Tutti assolti perché il fatto non sussiste. Cadute tutte le imputazioni per Renato Souro e per gli altri vertici di Tiscali. L’accusa nei confronti dell’ex gorvernatore della Sardegna e degli altri imputati (Luca Scano, Salvatore Pulvirenti e Andrea Podda e Roberto Lai, Romano Fischietti, Ernesto Fara e Mario Rosso, ex ad della società) era di false comunicazioni sociali. Per Soru, al termine di un processo durato due anni, il pm aveva invece chiesto la condanna a tre anni. La sentenza è stata emessa dai giudici del tribunale di Cagliari. L’ex segretario del Pd sardo era presente in aula e non ha rilasciato dichiarazioni, ma ha ricevuto l’abbraccio dei suoi avvocati. 

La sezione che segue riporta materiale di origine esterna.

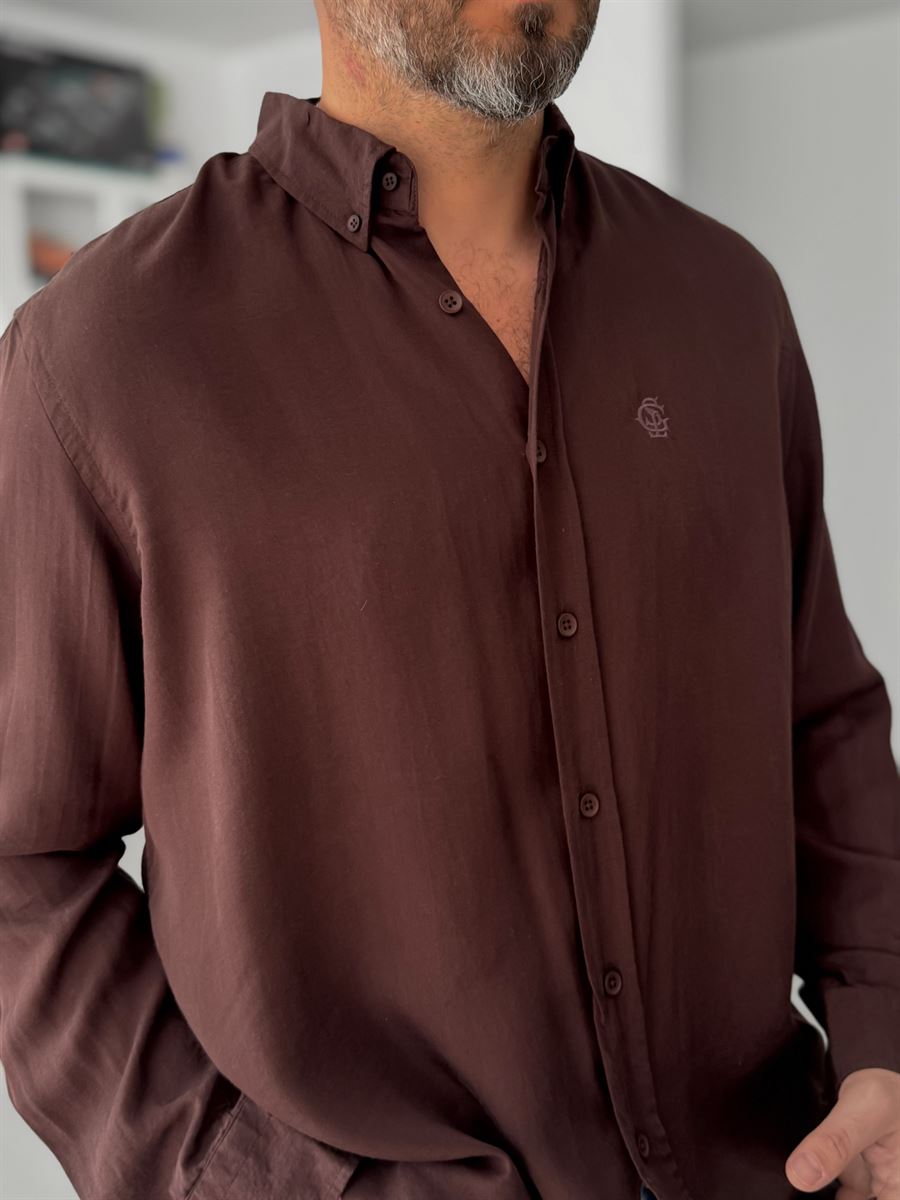 Coffee Embroidered Tencel Oversize Shirt G-5792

Il pm Andrea Massidda aveva chiesto varie condanne, ma il collegio presieduto da Massimo Costantino Poddighe ha accolto la ricostruzione delle difese sulla correttezza dei comportamenti degli amministratori Tiscali. L’inchiesta avevano scandagliato i bilanci e gli atti di vendita dei rami d’azienda dalla capogruppo Tiscali Spa a Tiscali Italia Srl e Tiscali Service Srl. Un’operazione da 162 milioni di euro, inseriti in bilancio nel 2005, che secondo la procura avrebbe potuto influenzare l’andamento di Tiscali nel mercato borsistico. Il pm aveva chiesto la condanna a 3 anni per Soru e Scano, un anno e mezzo per Pulvirenti, Podda e Lai e il proscioglimento, per estinzione del reato a seguito di prescrizione, per Fischetti, Fava e Rosso.